• Task objective
Line by line, reproduce the records exactly.
━━━━━━
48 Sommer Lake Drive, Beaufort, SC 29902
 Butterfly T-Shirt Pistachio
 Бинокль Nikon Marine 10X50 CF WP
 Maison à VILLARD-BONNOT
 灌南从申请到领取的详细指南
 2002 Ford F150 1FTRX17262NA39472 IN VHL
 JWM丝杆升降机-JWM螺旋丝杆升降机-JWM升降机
━━━━━━
• Reply
48 Sommer Lake Drive, Beaufort, SC 29902
 Butterfly T-Shirt Pistachio
 Бинокль Nikon Marine 10X50 CF WP
 Maison à VILLARD-BONNOT
 灌南从申请到领取的详细指南
 2002 Ford F150 1FTRX17262NA39472 IN VHL
 JWM丝杆升降机-JWM螺旋丝杆升降机-JWM升降机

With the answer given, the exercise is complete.